Wednesday, September 21, 2005
Steamboat Springs The Colorado Water Conservation Board says it has evidence that the city of Steamboat Springs is asking for too much water in its recreational water right application.
In December 2003, the city applied for a recreational water right that would ensure a minimum stream flow for activities such as tubing and kayaking. By state law, the water right will be granted only if the city shows that it is asking for the minimum amount of water needed to provide a "reasonable recreational experience."
City officials also must show that the sections of the Yampa River included in the request -- kayaking holes C and D -- are being used for recreation, a concept called "reach." Those recreational uses also should be the maximum, or best, use of water as a resource.

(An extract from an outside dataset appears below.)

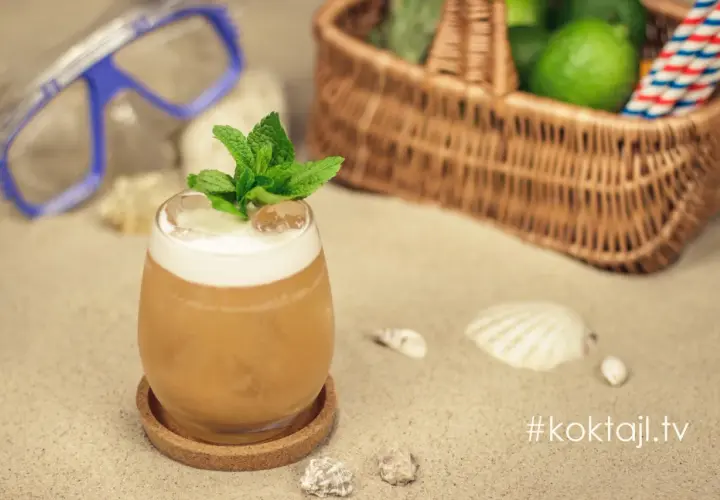 Orzeźwiający vodka sour z miętą na plaży, obok koszyka z limonkami i maski do nurkowania. Idealny na wakacje!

A state water board official said board members heard testimony Tuesday that showed the city's filing does not meet those requirements.
Board staff member Ted Kowalski said Wednesday that he and other staff members listened to experts who interviewed people about that section of river and whether people canoe, kayak, tube and raft there.
The experts said people put in their rafts upstream, Kowalski said. That would mean the city's reach requirement is not met.
"The reach identified is not appropriate reach for that recreational experience sought," he said.
The city also had gathered input from people who use the river for recreation, Kowalski said, but they have not shared that information with the board. He said the board filed a motion within the past few days to have more information provided about the city's research.
City Attorney Tony Lettunich and City Manager Paul Hughes said they did not know what happened during Tuesday's water board hearing. Glenn Porzak, the city's water attorney, was in meetings Wednesday and could not be reached for comment.
A trial about the city's water right application is scheduled for the week of Oct. 17 in District Water Court.